Gerald Wallace Found Silver Lining With Celtics Before Injury

by abournenesn

Mar 2, 2014

Gerald Wallace, Evan TurnerBOSTON — Considering where Gerald Wallace’s mindset was when he arrived in a trade last summer, Saturday should have been the happiest day for him in a long time. His season with the Boston Celtics was finally over, an unbearable rebuilding season mercifully cut short.

Only, Wallace wasn’t thrilled. He wasn’t eager to leave a team wallowing near the bottom of the Eastern Conference. After he goes under the knife for surgery on his left knee and ankle next week, Wallace even plans to stick around for a while.

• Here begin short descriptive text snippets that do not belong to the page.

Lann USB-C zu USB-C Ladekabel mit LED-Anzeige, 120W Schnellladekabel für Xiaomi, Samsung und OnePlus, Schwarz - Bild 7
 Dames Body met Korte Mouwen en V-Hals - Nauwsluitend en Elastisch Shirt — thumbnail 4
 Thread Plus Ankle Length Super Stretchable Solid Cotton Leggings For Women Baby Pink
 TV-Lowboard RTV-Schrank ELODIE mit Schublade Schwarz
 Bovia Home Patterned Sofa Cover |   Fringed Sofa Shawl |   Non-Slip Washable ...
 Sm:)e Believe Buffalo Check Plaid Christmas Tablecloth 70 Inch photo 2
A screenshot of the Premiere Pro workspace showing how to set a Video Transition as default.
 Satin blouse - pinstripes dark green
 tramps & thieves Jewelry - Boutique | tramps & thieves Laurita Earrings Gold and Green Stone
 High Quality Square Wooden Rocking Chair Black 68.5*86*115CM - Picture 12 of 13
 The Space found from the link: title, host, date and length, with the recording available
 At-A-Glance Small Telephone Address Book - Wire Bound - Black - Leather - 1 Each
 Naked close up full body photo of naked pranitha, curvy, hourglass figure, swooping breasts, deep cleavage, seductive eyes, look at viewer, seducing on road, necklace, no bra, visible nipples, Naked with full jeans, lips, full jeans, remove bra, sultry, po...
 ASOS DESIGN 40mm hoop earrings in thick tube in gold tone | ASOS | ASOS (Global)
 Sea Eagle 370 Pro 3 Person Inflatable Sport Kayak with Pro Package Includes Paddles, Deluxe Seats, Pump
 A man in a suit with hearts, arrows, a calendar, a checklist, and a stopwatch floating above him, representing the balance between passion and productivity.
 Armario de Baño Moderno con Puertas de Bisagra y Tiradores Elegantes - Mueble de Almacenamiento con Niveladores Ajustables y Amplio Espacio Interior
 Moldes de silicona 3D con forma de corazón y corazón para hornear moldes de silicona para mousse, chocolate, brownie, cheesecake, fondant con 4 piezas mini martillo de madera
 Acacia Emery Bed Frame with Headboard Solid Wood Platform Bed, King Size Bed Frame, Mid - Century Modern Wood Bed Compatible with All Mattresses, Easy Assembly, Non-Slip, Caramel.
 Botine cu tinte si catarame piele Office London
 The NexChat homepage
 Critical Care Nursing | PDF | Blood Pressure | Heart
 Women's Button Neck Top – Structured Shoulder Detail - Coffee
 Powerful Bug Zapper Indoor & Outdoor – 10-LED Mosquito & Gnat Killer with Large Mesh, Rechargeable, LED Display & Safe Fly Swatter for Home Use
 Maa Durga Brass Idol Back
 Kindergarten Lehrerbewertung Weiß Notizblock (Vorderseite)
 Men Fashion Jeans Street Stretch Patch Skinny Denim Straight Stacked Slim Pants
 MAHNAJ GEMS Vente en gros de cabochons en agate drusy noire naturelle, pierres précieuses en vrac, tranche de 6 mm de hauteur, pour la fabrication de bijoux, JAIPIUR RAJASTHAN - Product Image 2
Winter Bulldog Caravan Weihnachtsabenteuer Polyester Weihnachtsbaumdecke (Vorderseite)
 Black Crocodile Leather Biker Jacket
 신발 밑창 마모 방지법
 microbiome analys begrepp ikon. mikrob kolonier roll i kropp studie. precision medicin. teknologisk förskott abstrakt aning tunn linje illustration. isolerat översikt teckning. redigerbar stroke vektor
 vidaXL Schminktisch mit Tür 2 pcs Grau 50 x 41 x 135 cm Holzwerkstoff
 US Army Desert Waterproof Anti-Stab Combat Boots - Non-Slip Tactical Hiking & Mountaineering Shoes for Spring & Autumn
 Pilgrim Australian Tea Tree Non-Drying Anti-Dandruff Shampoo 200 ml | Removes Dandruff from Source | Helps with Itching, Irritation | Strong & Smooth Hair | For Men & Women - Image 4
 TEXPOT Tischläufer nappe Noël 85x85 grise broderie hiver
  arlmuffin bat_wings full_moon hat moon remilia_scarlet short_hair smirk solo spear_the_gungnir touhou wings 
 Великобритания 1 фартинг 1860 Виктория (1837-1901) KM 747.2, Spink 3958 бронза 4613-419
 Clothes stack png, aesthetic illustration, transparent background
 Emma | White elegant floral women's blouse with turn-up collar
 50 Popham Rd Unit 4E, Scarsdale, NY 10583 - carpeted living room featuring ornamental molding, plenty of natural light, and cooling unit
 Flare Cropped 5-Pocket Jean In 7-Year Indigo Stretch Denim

Speaking at his locker prior to the Celtics’ game against the Indiana Pacers, looking relaxed in a gray suit, Wallace said he enjoyed his time in Boston — and is looking forward to getting back in uniform next season. So, what changed?

“The only thing that changed is what didn’t change,” Wallace said. “I didn’t move. I didn’t get traded. I talked to Danny. I had a great conversation with Danny at the beginning of the season about the role he wanted me to play on this team, things he wanted me to do, the experience and the leadership he wanted me to bring to this locker room.

“Once you get around it and get around these guys, basketball is basketball. It always brings out the fun in you, and these guys make it that much easier.”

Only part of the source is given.